----- Raw data -----

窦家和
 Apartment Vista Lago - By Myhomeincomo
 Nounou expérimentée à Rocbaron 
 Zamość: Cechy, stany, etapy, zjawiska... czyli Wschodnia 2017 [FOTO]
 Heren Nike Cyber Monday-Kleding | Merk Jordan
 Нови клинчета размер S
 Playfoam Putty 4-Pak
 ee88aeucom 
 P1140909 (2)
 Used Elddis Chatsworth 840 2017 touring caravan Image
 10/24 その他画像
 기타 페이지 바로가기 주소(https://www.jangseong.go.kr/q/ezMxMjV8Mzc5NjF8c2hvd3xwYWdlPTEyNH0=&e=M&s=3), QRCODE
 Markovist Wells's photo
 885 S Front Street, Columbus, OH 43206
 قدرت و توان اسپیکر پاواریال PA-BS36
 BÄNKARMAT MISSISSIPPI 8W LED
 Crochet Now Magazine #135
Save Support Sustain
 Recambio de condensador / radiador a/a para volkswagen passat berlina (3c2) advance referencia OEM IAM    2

-----

● **Task to carry out**
The response must contain exactly the lines from the one with "Markovist Wells's photo" to the end of the entries above, both included, and nothing more.

● **Reply to the exercise**
 Markovist Wells's photo
 885 S Front Street, Columbus, OH 43206
 قدرت و توان اسپیکر پاواریال PA-BS36
 BÄNKARMAT MISSISSIPPI 8W LED
 Crochet Now Magazine #135
Save Support Sustain
 Recambio de condensador / radiador a/a para volkswagen passat berlina (3c2) advance referencia OEM IAM    2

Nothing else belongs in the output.